The lights are at red. That black cab beyond the HGV, incidentally, has stopped on a KEEP CLEAR marking.

Waltham Forest Council is forever boasting that

By 2003 almost all main roads in the core of the borough had cycle lanes (20 miles) and a substantial network of quiet routes (also 20 miles) using residential roads and park land was also in place.

The LCC repeatedly gives the Council prizes:

Waltham Forest was declared the winner for its innovative and extensive cycling facilities, which includes a 40-mile network of cycle lanes and quiet routes in the Borough.

What all this evades is the width of those lanes, the condition they are in and the segregationist philosophy which underpins them. It also evades how drivers treat such facilities as do exist for cyclists, the reckless, hostile and aggressive attitudes which some drivers have towards cyclists, and the general disintegration of traffic law enforcement in London.

I know exactly how 'Buffalo' Bill Chidley felt when he wrote To make myself feel better, I cancelled my membership of the London Cycling Campaign. I should put a link to their page, but I’m not going to, because I think they suck.

The local branch of the LCC has steadfastly declined to link to this blog, in the shrewd belief that it will be of no interest to cyclists in Waltham Forest. I’ve always linked to them but my generosity has expired and I’ve now followed Buffalo Bill’s example.

And now consider this. The off-road cycle lane between Beresford Road E17 and Roberts Road:




















Last summer a driver who was coming down the slip road off the North Circular 'lost control' and slammed into the metal fencing at the side of the slip road, in the process demolishing the lighting column which had thoughtfully been rooted in the off-road cycle lane.

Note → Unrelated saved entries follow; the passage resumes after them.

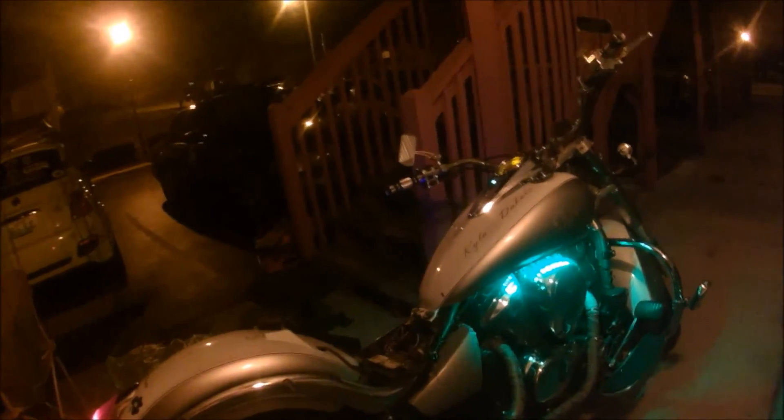Alright, I got it all done. I'm gonna load up, pull it out, start it up, and listen to it purr. I'm gonna ride to work tomorrow — can't wait. Damn, I love my baby. She looks good.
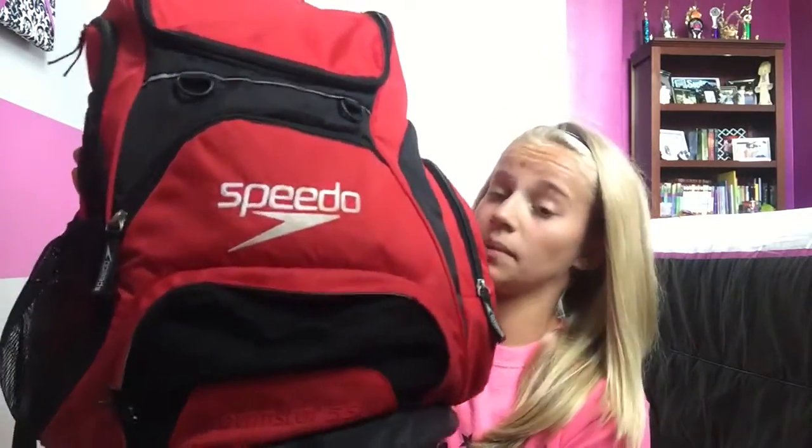So let's dive in. This is my swim bag — it's the Speedo Teamster 35 liter, and it's red.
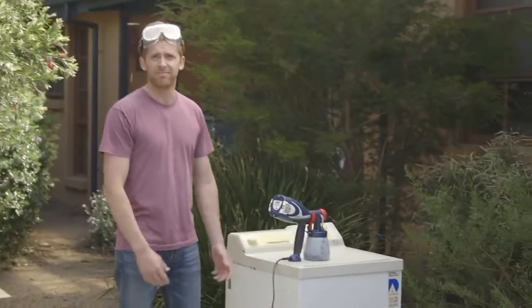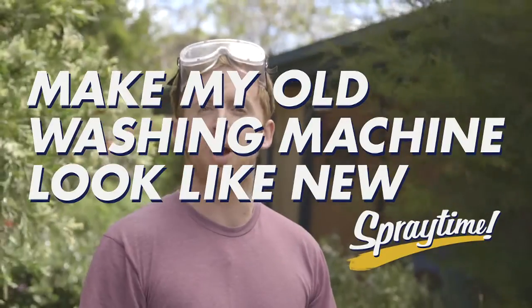When the wife and I moved in together, we had an old hand-me-down washing machine. Problem is, we still got it. I'm Liam, and this is Make My Old Washing Machine Look Like New Spray Time.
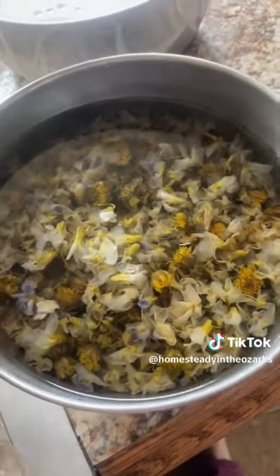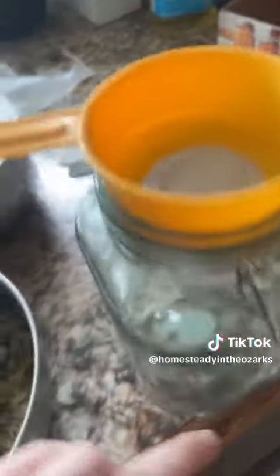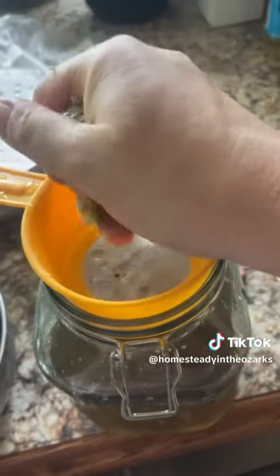I just took them out of the fridge where I've kept them for the past week. Now we're going to strain them. I've got my setup here — the strainer inside this jar. We got a lot of tea! Now we're going to strain the flowers. I already squeezed out the flowers in the bowl, and I'm just going to squeeze out what's left in the strainer.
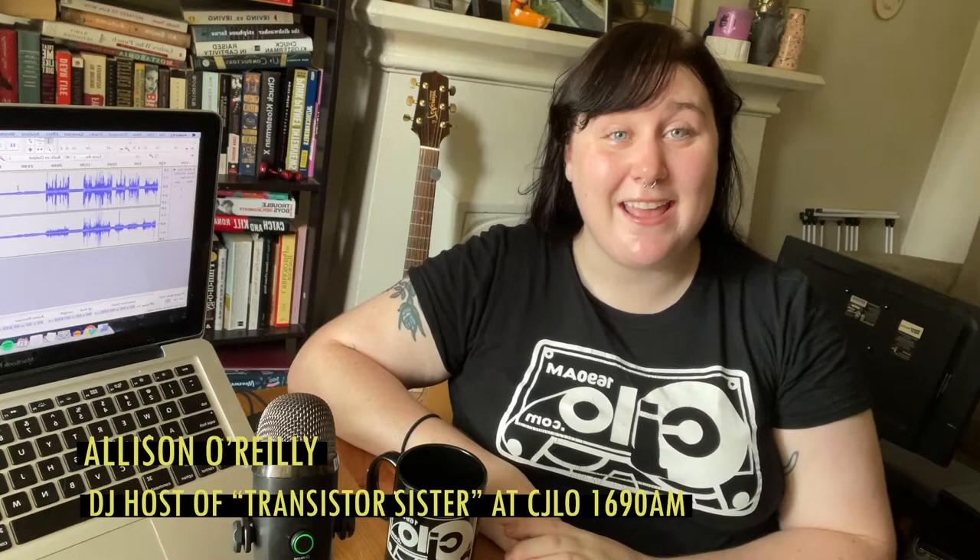Hey folks! My name is Allison and I'm the Program Director at CJLO 1690AM. I'm here to tell you about all of the many ways that you can get involved and volunteer at your campus community radio station. If you're a student, there are many reasons why you should get involved. For starters, you can build valuable skills in broadcasting, audio production, radio journalism, and public speaking — and that's just to name a few. Plus, CJLO is just a wonderful and supportive community.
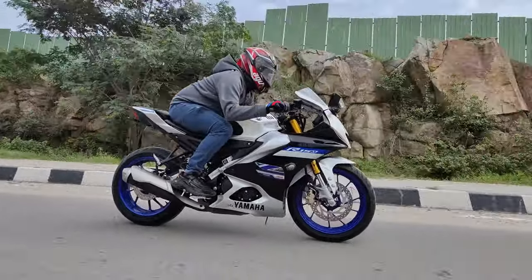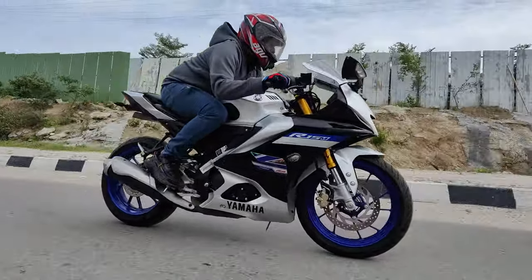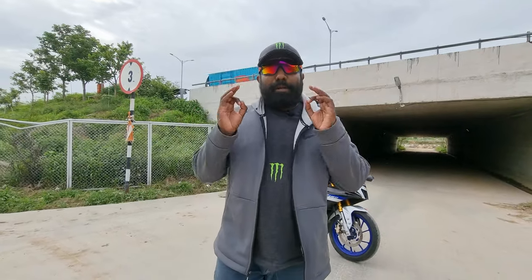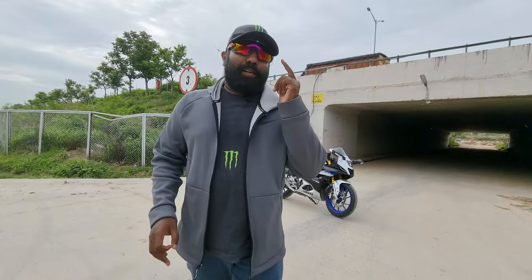The advanced tri-polymer tread compound with high-structure carbon offers a well-balanced tire with optimized road grip, mileage, and superb durability. This concludes my review of the TVS Eurogrip Pro Torque Sport tires, which offer a perfect blend of mileage, durability, and optimized road grip.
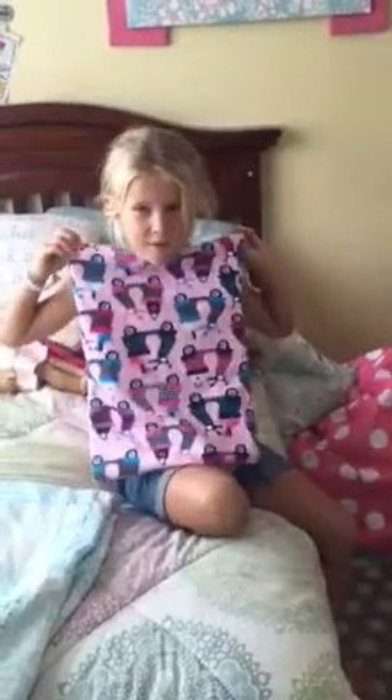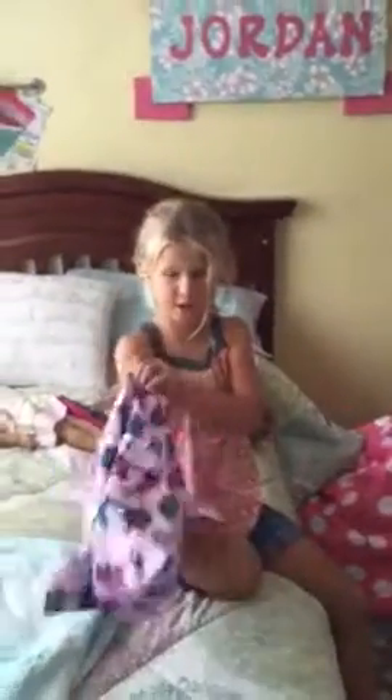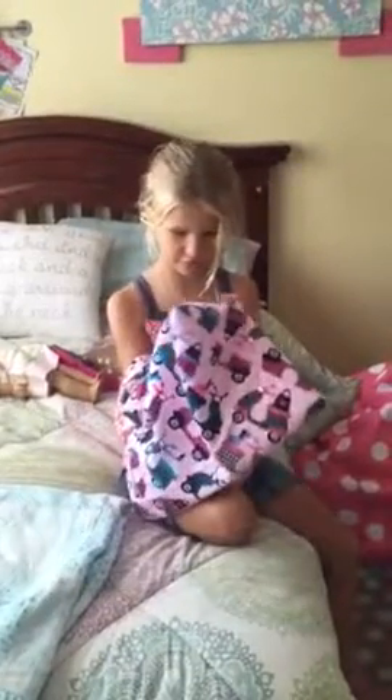Hi, my name is Jordan Mayburn. I made this blanket. It's so fluffy because I love it. Because when you go inside a blanket, you feel so fluffy.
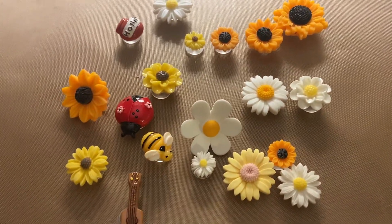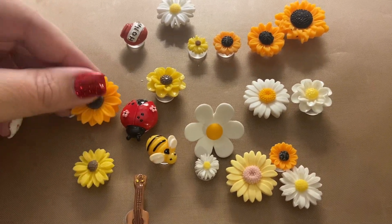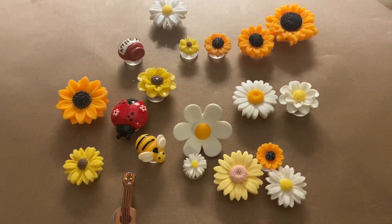My kids love wearing crocs, so I always try to get them a variety of different kinds of croc charms. The colors are really nice and I really like all the different flowers. Thank you for watching.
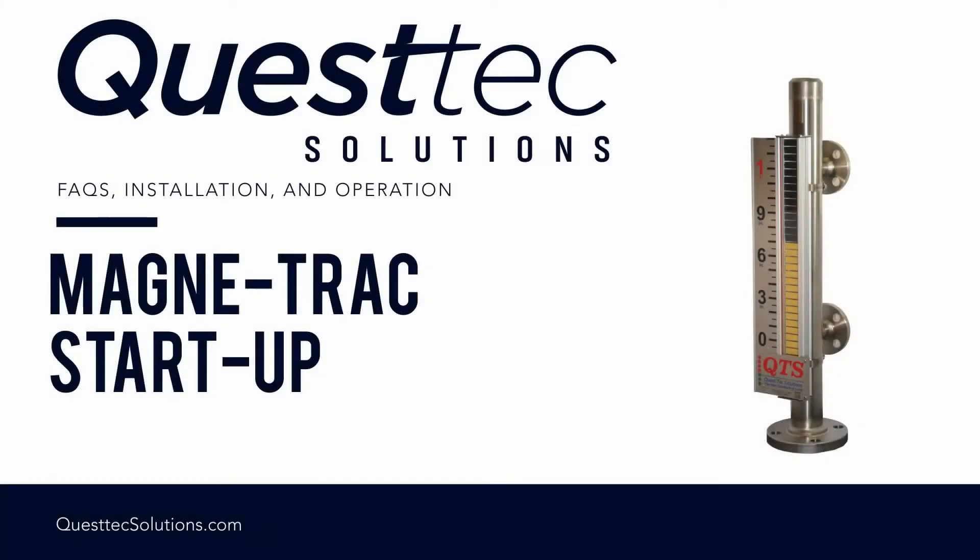In today's video, we're going to walk through how to prepare and start up the Quest Tech Solutions Magnet Track Gauge. I'm Owais Arshad, the Product Manager here at Quest Tech Solutions, and we will go through this process together step-by-step.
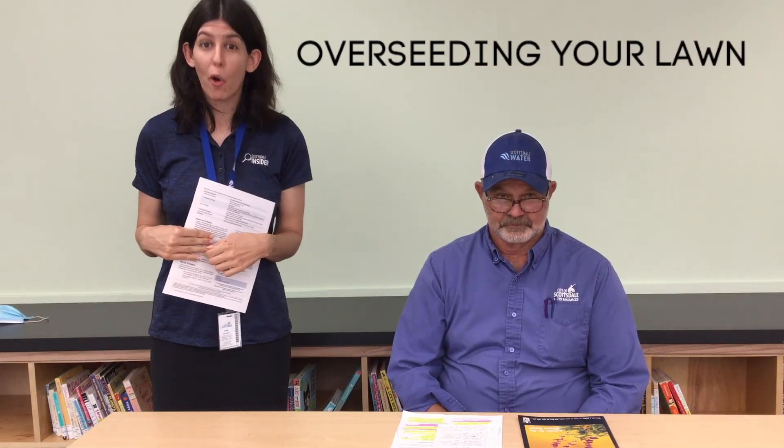Hello everyone! My name is Jill and this is Bill. We're here at Mustang Library and we're going to be discussing a little bit about overseeding with you.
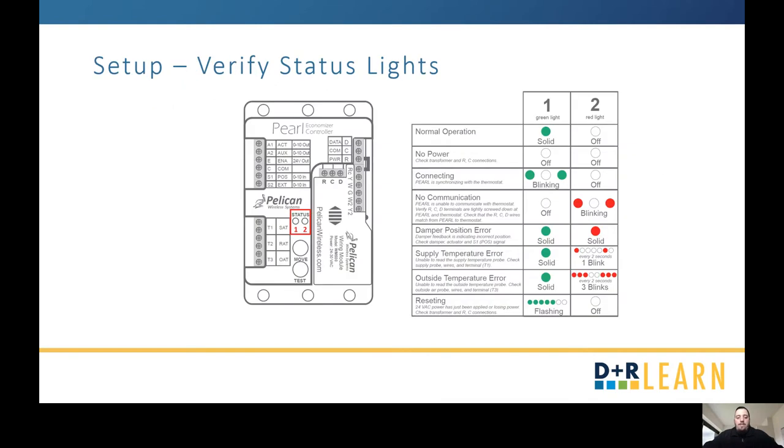Once all that's done, we're going to set up the controller in three steps: first, verification of your status lights; second, verification of the actuator movement; and third, your one-touch configuration and calibration. The status light you want to see is a solid green on status light one. If you see any other pattern, look through what it may mean and fix the issue.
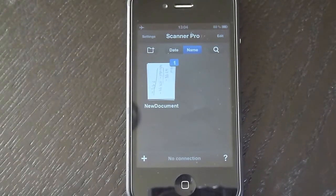Hi everybody and welcome back. Today we're going to do a quick review on an iPhone app called Scanner Pro. Basically you can scan documents and save them to Evernote, send them as emails, save them to your photo library and things like that.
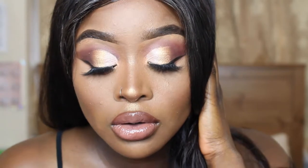Hi guys, welcome back to my channel. If you want to see how I created this ombre cut crease eyeshadow full glam makeup look, please keep on watching.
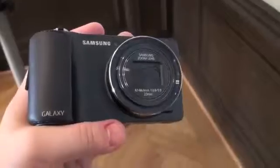In any case, this is a quick look at the Samsung Galaxy Camera. This is Todd Hazelton with TechnoBuffalo.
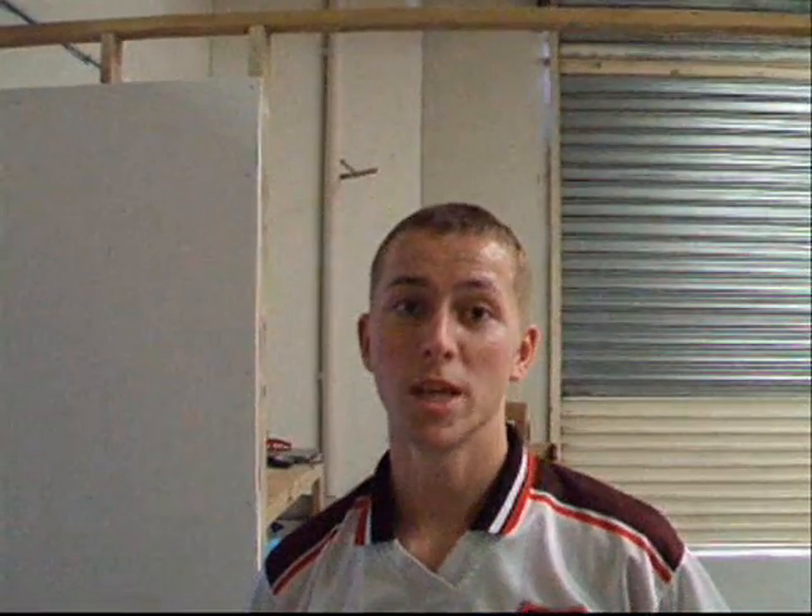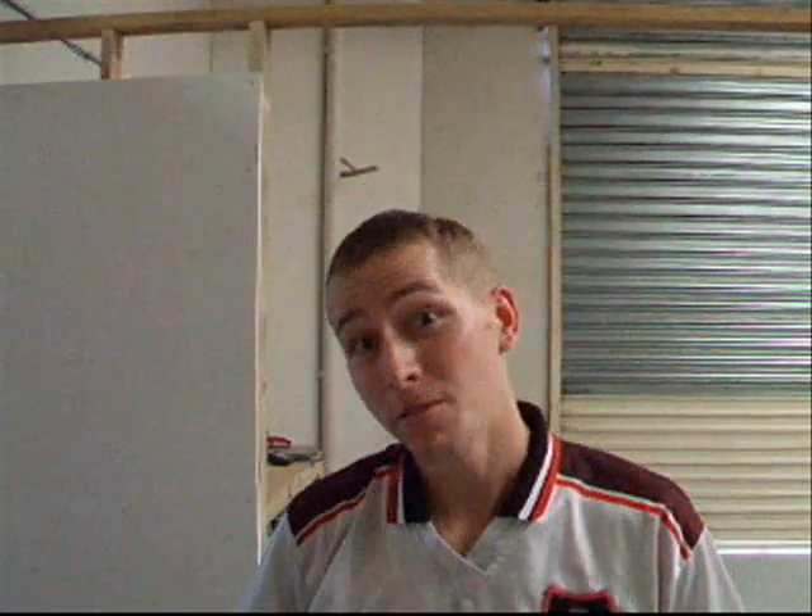Welcome to episode one on does this camera crane work? Well, failing that, how not to build a camera crane.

Many months later the twisted stump of the lamp post remains, with a loose electrical wire drooping from it. This is adjacent to a sharp bend on a two-way cycle lane. The metal fencing has not been replaced, so plastic temporary fencing and a couple of traffic cones are all that separate cyclists from motor traffic.

This is a classic instance of what Chris Hutt would describe as neglected by the authorities, off their radar.